The Population data for this paper were obtained from WorldPop for the years 2000, 2010, and 2020 at a resolution of 100 m. The population density datasets for all countries of the world for each year 2000–2020 were derived from the corresponding 2000–2020 corresponding set of population statistics for each country for 2000–2020, based on which the data set was adjusted and corrected by the United Nations. The data sets are raster data, with 3 arcseconds (about 100 m at the equator) as the overall raster resolution.

3.2. Identification and Analysis Method of Urban Fringe Area

LHRusswurm, a famous geographer, proposed a regional urban model from the perspective of linking urban areas and rural hinterlands in his 1975 “LHRusswurm Model of Marginal Communities” [4], which suggests that regional cities are divided into four parts from the center to the fringe, namely urban core, urban fringe, urban influence, and rural hinterland. Drawing on the LHRusswurm regional city model, the city of Wuhan is divided into the urban core, urban fringe, urban impact area, and rural hinterland from the center to the fringe [15,16]. Since the dynamics of the urban fringe area of Wuhan, the subject of this paper, is highly complex, the urban influence area is included in the urban fringe area for this study.

As a socio-economic multidimensional body, it is one-sided to quantify urban patterns using only a single socio-economic statistic or geospatial data.
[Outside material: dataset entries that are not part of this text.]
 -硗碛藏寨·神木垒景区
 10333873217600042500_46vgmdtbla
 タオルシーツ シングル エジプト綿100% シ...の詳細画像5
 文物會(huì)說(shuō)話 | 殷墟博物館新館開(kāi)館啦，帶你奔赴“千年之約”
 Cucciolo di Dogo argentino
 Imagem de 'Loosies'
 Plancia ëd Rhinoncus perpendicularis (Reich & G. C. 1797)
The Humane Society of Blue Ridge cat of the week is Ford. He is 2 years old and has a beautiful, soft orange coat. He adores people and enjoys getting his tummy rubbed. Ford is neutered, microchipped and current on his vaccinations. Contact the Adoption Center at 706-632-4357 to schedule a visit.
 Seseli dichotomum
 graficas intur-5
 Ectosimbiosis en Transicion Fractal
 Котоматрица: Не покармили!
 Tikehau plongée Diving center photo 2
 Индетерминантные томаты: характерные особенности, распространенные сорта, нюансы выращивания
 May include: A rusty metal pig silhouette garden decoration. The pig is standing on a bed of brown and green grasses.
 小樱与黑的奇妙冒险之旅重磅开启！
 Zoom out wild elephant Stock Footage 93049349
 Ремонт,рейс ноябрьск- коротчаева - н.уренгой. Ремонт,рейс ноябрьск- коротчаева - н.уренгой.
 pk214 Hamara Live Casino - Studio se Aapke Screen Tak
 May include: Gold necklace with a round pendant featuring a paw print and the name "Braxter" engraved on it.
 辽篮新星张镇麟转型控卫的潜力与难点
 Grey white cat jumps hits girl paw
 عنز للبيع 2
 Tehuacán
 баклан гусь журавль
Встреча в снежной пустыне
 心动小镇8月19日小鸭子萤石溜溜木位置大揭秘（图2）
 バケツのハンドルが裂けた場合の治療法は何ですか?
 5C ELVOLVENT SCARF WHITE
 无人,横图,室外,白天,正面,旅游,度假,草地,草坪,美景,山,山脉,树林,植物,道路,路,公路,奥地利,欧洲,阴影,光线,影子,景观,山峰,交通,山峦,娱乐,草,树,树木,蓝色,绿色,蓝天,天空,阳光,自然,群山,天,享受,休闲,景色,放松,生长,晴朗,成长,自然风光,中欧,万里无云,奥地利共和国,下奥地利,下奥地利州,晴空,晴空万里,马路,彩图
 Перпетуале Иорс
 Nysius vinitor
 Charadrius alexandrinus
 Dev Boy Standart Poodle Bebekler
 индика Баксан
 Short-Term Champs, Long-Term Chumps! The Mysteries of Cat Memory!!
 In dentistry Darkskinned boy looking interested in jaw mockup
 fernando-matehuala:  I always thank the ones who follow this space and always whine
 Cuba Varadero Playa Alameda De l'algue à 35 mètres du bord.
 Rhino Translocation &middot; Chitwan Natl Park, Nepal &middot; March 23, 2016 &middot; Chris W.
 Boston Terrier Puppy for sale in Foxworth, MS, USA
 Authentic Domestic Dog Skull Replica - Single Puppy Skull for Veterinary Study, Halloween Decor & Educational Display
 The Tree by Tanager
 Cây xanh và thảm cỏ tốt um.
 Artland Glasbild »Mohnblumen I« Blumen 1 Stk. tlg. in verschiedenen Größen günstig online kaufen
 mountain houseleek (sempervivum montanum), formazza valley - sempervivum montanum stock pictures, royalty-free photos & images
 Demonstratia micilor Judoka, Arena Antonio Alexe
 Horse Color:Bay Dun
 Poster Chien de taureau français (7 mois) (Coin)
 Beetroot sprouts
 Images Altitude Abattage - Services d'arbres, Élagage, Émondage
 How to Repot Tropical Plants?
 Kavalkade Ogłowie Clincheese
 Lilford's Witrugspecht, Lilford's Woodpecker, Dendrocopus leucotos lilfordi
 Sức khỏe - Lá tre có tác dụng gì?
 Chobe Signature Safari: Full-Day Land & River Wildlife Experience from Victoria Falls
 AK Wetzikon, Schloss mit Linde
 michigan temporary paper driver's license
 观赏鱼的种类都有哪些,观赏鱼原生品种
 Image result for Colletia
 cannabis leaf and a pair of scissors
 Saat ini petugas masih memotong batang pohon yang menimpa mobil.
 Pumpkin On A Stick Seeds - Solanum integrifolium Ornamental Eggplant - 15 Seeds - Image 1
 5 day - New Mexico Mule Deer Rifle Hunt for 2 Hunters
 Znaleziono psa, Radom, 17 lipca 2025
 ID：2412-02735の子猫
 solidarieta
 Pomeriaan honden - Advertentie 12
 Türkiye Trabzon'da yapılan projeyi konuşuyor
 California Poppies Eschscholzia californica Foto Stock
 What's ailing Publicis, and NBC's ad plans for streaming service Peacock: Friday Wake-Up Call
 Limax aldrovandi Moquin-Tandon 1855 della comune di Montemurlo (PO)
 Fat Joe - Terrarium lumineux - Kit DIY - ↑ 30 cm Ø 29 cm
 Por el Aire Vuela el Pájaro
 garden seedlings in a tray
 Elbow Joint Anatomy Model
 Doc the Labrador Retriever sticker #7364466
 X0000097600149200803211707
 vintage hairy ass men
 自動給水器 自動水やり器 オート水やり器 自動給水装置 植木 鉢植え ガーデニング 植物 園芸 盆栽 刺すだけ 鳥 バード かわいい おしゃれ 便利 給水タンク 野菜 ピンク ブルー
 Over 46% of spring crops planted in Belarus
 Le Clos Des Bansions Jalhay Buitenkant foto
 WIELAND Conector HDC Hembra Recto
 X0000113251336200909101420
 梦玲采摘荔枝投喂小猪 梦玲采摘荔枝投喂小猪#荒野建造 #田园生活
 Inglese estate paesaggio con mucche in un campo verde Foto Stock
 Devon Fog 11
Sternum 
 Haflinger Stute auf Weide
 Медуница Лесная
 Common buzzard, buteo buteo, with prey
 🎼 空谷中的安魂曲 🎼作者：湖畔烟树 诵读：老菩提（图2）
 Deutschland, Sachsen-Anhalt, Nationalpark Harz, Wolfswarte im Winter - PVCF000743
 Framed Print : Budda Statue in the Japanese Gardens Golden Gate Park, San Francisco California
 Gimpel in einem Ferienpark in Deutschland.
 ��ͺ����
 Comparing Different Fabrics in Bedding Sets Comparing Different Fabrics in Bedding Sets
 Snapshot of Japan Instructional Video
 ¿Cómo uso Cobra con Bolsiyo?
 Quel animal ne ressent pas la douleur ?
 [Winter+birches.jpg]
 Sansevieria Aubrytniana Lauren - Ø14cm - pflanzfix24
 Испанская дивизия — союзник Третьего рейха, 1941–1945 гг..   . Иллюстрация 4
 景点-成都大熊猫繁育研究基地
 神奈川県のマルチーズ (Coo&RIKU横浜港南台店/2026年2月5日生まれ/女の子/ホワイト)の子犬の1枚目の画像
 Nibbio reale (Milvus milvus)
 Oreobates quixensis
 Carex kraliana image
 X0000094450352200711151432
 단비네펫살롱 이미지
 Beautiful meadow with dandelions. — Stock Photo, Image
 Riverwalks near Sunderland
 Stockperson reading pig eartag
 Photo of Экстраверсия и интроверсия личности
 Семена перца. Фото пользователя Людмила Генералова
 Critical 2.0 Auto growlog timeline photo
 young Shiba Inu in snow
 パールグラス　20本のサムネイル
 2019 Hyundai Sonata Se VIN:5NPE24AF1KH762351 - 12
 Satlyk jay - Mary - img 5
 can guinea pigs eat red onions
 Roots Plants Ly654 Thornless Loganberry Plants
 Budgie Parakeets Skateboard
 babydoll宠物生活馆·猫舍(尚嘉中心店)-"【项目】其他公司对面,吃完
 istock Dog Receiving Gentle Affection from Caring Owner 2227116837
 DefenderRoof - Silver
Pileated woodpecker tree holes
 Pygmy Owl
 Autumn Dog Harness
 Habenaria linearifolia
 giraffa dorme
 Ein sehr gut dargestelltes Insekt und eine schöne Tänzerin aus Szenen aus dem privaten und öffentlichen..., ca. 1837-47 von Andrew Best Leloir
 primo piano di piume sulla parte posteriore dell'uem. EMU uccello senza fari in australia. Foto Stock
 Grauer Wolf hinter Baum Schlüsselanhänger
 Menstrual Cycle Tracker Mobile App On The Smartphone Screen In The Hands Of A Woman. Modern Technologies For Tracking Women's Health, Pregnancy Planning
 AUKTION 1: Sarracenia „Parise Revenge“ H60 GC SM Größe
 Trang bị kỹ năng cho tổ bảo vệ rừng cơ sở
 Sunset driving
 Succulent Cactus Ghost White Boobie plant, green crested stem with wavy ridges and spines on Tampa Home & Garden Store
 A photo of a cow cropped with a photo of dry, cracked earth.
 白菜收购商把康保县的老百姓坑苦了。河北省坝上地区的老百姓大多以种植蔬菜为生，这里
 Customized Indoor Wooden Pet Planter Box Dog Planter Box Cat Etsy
The indicators can be grouped into the following three dimensions: (1) demographic measures (such as population density, population growth rate, employment rate, ethnic agglomeration, etc.), (2) physical spatial measures (such as road density, construction land share, vegetation, or impervious surface ratio, etc.), (3) landscape measures (such as patch density, fractal dimension, landscape flocculation, etc.). On the one hand, the urbanization process has changed the urban landscape pattern, producing more impervious surfaces and artificial landscapes, resulting in fragmentation of built-up land patches and mixed land use in urban fringe areas. On the other hand, the increase in land-use intensity has brought about an increase in population density in urban fringe areas, but its aggregation is low, making the population density in urban fringe areas higher than that in rural areas but lower than that in urban areas. Summing up the above analysis, and considering the objectivity and applicability of the measurement indexes comprehensively, the impervious surface cover is selected in the physical spatial metric and landscape metric, respectively [24], and landscape flocculation [6,25,26,27] as the main discriminant, population density in population metric [28] as an auxiliary indicator to define urban fringe areas, as shown in the workflow diagram (Figure 2).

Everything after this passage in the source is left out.